# SQL Lab

In this lab we will learn how to use execute SQL from the ipython notebook and practice some queries on the [Northwind sample database](https://northwinddatabase.codeplex.com/) that we used in Lesson 3.1.

You can access the data with this command:

    psql -h dsi.c20gkj5cvu3l.us-east-1.rds.amazonaws.com -p 5432 -U dsi_student northwind
    password: gastudents


First of all let's install the ipython-sql extension. You can find instructions [here](https://github.com/catherinedevlin/ipython-sql).

In [1]:
!pip install ipython-sql psycopg2



Let's see if it works:

In [2]:
%load_ext sql

In [3]:
%%sql postgresql://dsi_student:gastudents@dsi.c20gkj5cvu3l.us-east-1.rds.amazonaws.com/northwind
        
select * from orders limit 5;

5 rows affected.


OrderID,CustomerID,EmployeeID,OrderDate,RequiredDate,ShippedDate,ShipVia,Freight,ShipName,ShipAddress,ShipCity,ShipRegion,ShipPostalCode,ShipCountry
10248,VINET,5,1996-07-04,1996-08-01,1996-07-16,3,32.38,Vins et alcools Chevalier,59 rue de l'Abbaye,Reims,,51100,France
10249,TOMSP,6,1996-07-05,1996-08-16,1996-07-10,1,11.61,Toms Spezialitäten,Luisenstr. 48,Münster,,44087,Germany
10250,HANAR,4,1996-07-08,1996-08-05,1996-07-12,2,65.83,Hanari Carnes,"Rua do Paço, 67",Rio de Janeiro,RJ,05454-876,Brazil
10251,VICTE,3,1996-07-08,1996-08-05,1996-07-15,1,41.34,Victuailles en stock,"2, rue du Commerce",Lyon,,69004,France
10252,SUPRD,4,1996-07-09,1996-08-06,1996-07-11,2,51.3,Suprêmes délices,"Boulevard Tirou, 255",Charleroi,,B-6000,Belgium


Nice!!! We can now go ahead with the lab!

In [4]:
import pandas as pd
import numpy as np
%matplotlib inline
import matplotlib.pyplot as plt

## 1: Inspect the database

If we were connected via console, it would be easy to list all tables using `\dt`. We can however access table information performing a query on the `information_schema.tables` table.

### 1.a: List Tables

1. write a `SELECT` statement that lists all the tables in the public schema of the `northwind` database, sorted alphabetically

In [10]:
%%sql postgresql://dsi_student:gastudents@dsi.c20gkj5cvu3l.us-east-1.rds.amazonaws.com/northwind

SELECT table_catalog, table_schema, table_name FROM information_schema.tables WHERE table_schema = 'public' ORDER BY table_name ASC;

19 rows affected.


table_catalog,table_schema,table_name
northwind,public,categories
northwind,public,categoriesmerged
northwind,public,customercustomerdemo
northwind,public,customerdemographics
northwind,public,customers
northwind,public,employees
northwind,public,employeeterritories
northwind,public,movies
northwind,public,order_details
northwind,public,orders


### 1.b: Print Schemas

The table `INFORMATION_SCHEMA.COLUMNS` contains schema information on each.

Query it to display schemas of all the public tables.

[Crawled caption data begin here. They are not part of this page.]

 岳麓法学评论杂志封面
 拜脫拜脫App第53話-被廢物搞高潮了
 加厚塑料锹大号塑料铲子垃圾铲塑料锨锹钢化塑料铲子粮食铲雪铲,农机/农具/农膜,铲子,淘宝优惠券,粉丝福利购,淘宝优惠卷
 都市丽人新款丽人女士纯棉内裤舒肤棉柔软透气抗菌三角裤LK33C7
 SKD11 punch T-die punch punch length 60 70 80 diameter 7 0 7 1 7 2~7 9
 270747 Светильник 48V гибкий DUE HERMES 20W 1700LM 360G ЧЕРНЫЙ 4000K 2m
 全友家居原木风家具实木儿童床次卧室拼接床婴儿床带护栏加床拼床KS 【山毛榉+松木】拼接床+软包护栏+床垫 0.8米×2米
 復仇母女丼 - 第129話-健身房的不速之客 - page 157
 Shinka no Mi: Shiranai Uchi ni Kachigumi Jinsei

In particular we are interested in the column names and data types. Make sure you only include public schemas to avoid cluttering your results with a bunch of postgres related stuff.

In [14]:
%%sql postgresql://dsi_student:gastudents@dsi.c20gkj5cvu3l.us-east-1.rds.amazonaws.com/northwind
        
SELECT table_name, column_name, data_type FROM information_schema.columns WHERE table_schema = 'public';

128 rows affected.


table_name,column_name,data_type
categories,CategoryID,smallint
categories,CategoryName,character varying
categories,Description,text
categories,Picture,bytea
customercustomerdemo,CustomerID,character
customercustomerdemo,CustomerTypeID,character
customerdemographics,CustomerTypeID,character
customerdemographics,CustomerDesc,text
customers,CustomerID,character
customers,CompanyName,character varying


### 1.c: Table peek

Another way of quickly looking at table information is to query the first few rows. Do this for a couple of tables, for example: `orders`, `products`, `usstates`. Display only the first 3 rows.

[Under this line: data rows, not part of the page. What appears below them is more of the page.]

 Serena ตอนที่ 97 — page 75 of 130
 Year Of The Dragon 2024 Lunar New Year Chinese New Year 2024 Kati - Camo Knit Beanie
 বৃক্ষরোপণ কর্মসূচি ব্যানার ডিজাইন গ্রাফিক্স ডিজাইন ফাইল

As you can see, some tables (like `usstates` or `region`) contain information that is probably less prone to change than other tables (like `orders` or `order_details`). This database is well organized to avoid unnecessary duplication. Let's start digging deeper in the data.

## 2: Products

What products is this company selling? The `products` and `categories` tables contain information to answer this question.

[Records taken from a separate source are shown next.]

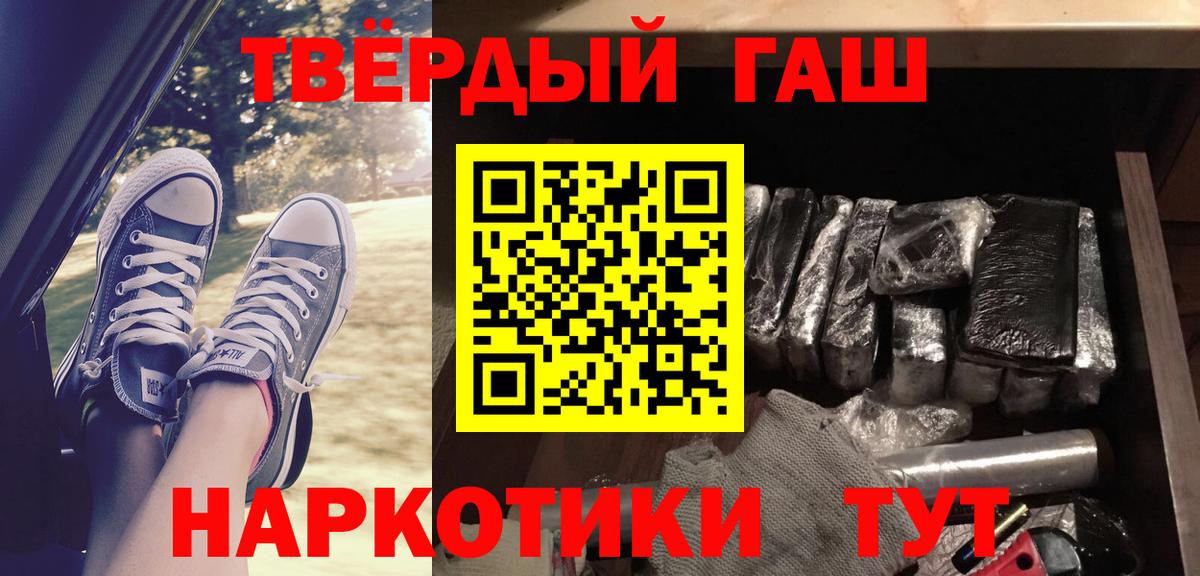 Рубцовск  Гашиш 40% ТГК  Вход с VPN  наркотики  Гашиш ice o lator 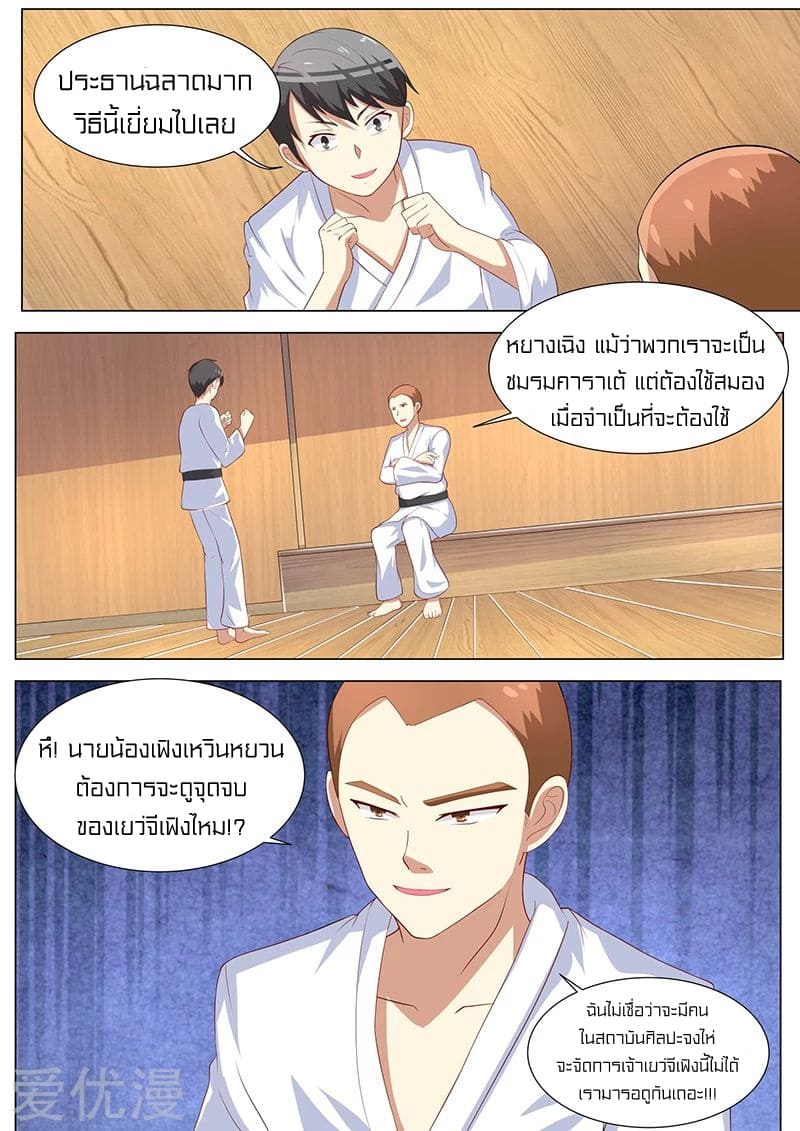 Special Agent Dragon Soul ตอนที่ 41 หน้า 10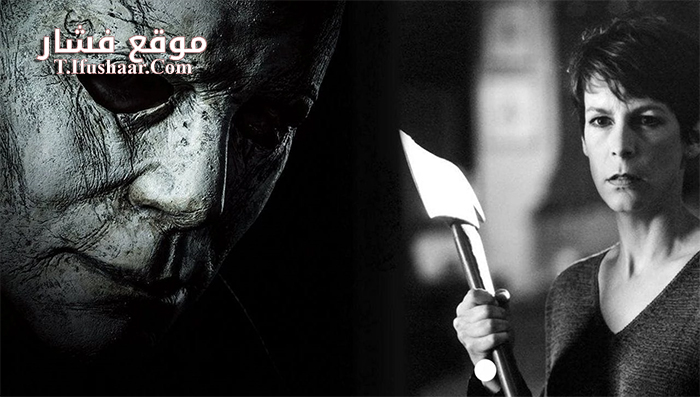 فيلم Halloweed 2016 مترجم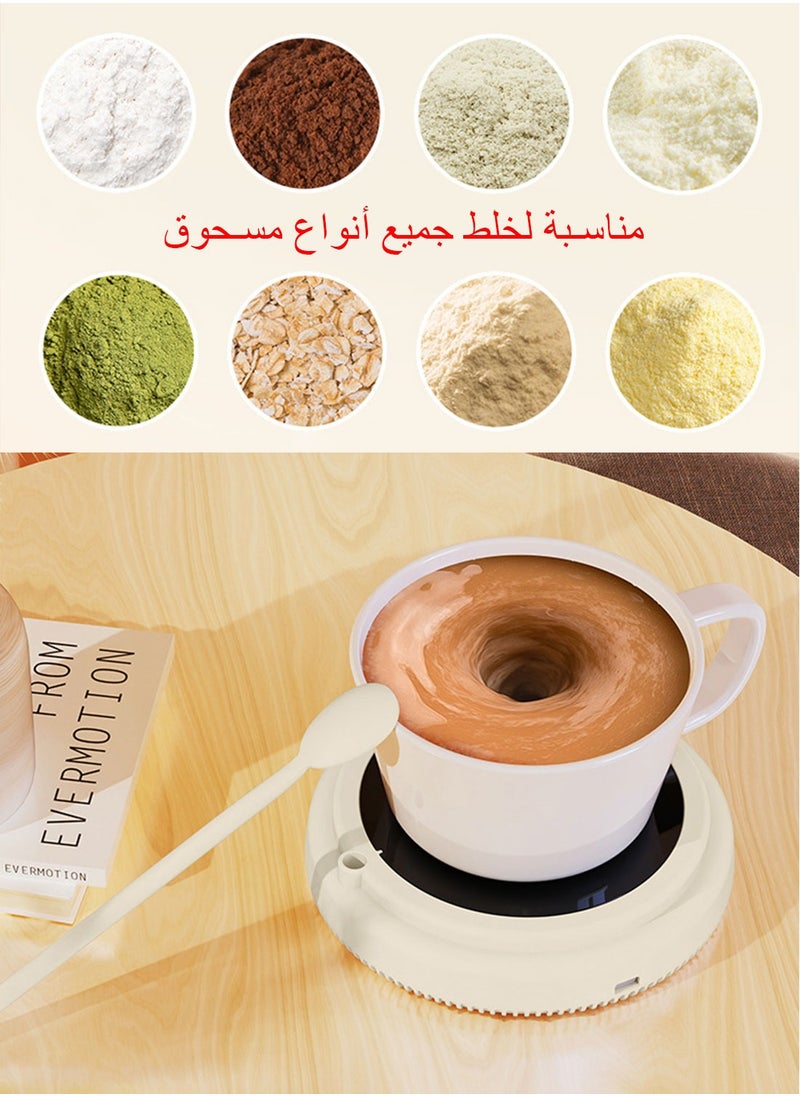 Syarme Self Stirring Mug, Rechargeable Chocolate Milk Mixer Cup, Magnetic Electric Mixing Suitable for Various Cups, Commonly Used for Travelling, Home, Office, Includes Spoon - White  - Image 4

Use a combination of SQL queries and Pandas merge to answer the following questions:

- What categories of products is the company selling?
- How many products per category does the catalog contain?
- Let's focus only on products that have not been discontinued => how many products per category?
- What are the most expensive 5 products (not discontinued)?
- How many units of each of these 5 products are there in stock?
- Draw a pie chart of the categories, with slices that have the size of the number of products in that category (use non discontinued products)

### 2.a: What categories of products is the company selling?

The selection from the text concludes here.